On August 16, 2022, Intercept Pharmaceuticals, Inc. (the “Company”)
and its subsidiary Intercept Pharma Europe Limited (“IPEL”) (collectively, “Intercept”) entered into a settlement
agreement with Dr. Reddy’s Laboratories, Inc. and Dr. Reddy’s Laboratories, Ltd. (collectively, “Dr.

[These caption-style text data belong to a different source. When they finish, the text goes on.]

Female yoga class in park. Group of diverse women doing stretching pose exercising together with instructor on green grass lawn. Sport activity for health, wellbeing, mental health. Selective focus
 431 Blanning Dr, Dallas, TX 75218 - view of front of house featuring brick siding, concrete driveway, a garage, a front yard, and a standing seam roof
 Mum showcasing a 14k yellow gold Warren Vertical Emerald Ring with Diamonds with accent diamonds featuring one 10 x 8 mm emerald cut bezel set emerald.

Reddy’s”)
resolving the previously disclosed patent litigation concerning the submission by Dr. Reddy’s of an Abbreviated New Drug Application
(“ANDA”) seeking approval to market a generic version of Ocaliva® (obeticholic acid) 5 mg and 10 mg tablets prior to expiration
of the Company’s U.S. Patent Nos. RE48,286; 9,238,673; 10,047,117; 10,052,337; 10,174,073; 10,751,349; and 10,758,549.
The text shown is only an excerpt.